The University of Pennsylvania business school is the first Ivy League institution or business school to offer cryptocurrency as a payment option, the institution claims in its announcement. The six-week certificate program costs about $3,800 — or roughly 6% the value of one bitcoin — and aims to give professionals the tools and background to incorporate blockchain or digital assets into business practices.
Offering cryptocurrency payments was a natural decision, said Guido Molinari, a managing partner at Prysm Group, a blockchain consulting company that partnered with Wharton on the six-week course.
“We thought it was almost hypocritical to do the opposite — you’re talking how businesses can implement blockchain and digital assets and then as an organization not accepting digital assets as payment,” he told EdScoop.
As of Friday, about 10% of users who signed up for the January 2022 course paid with crypto, he added. The University of Pennsylvania is not currently offering tuition payments for any other courses in cryptocurrency, and Molinari said this wasn’t intended to be a testing ground for it.
Wharton, whose alumni include entrepreneur and outspoken cryptocurrency investor Elon Musk, is one of the many colleges and universities around the country offering courses on blockchain technology. Wharton’s program is designed to give practical use cases for blockchain and provide clarity for business and finance leaders who may have heard of decentralized banking and other digital assets, but want to “go beyond Bitcoin,” Molinari said.

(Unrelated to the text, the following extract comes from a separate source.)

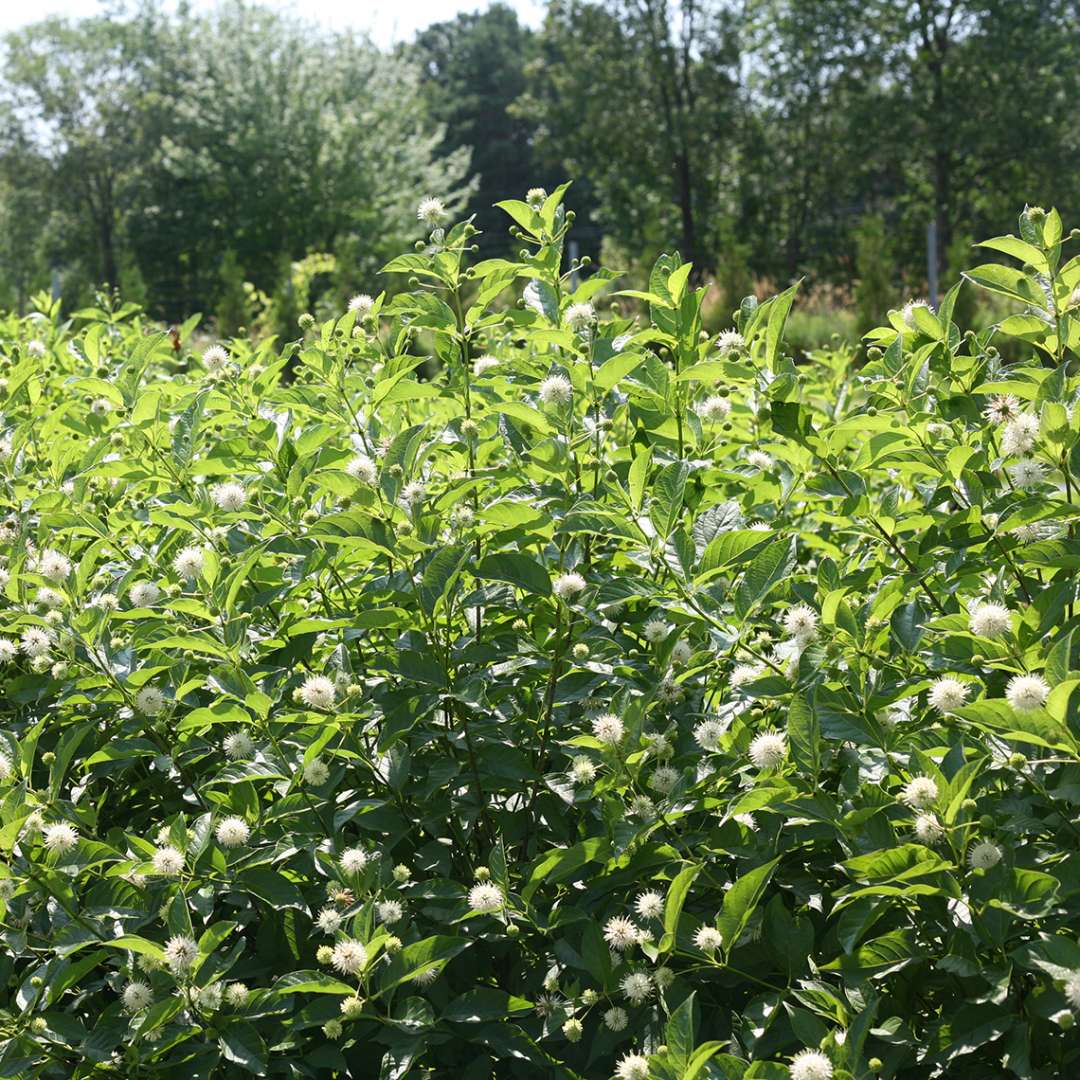 Sugar Shack buttonbush in flower in landscape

The curriculum includes blockchain protocol, types of digital assets, smart contracts and blockchain applications, decentralized finance, valuation and investing, as well as how to pick a blockchain and launch a digital asset, according to Wharton’s website. One of the major aspects of the course, Molinari said, is providing a framework for financial analysts to consistently assess digital assets, like they would traditional investments.
Colleges and university blockchain efforts are largely focused on degree programs and research initiatives, though King’s College in New York began allowing its students to make cryptocurrency tuition payments in 2014, and a handful of other institutions around the globe also accept cryptocurrency. Penn accepts cryptocurrency gifts of more than $10,000 for fundraising, according to its website, and announced a $5 million bitcoin payment for Wharton’s finance innovation center in May.
Blockchain and cryptocurrency have shown some scattered applications in the public sector. Ohio began accepting business taxes in cryptocurrency in 2018, but suspended the program a year later. Miami last month partnered with a nonprofit called CityCoin, accepting millions of dollars in profits from cryptocurrency mining. Two local government chief information officers recently told StateScoop that they were still searching for appropriate use cases for their governments, though the technology had caught their attention.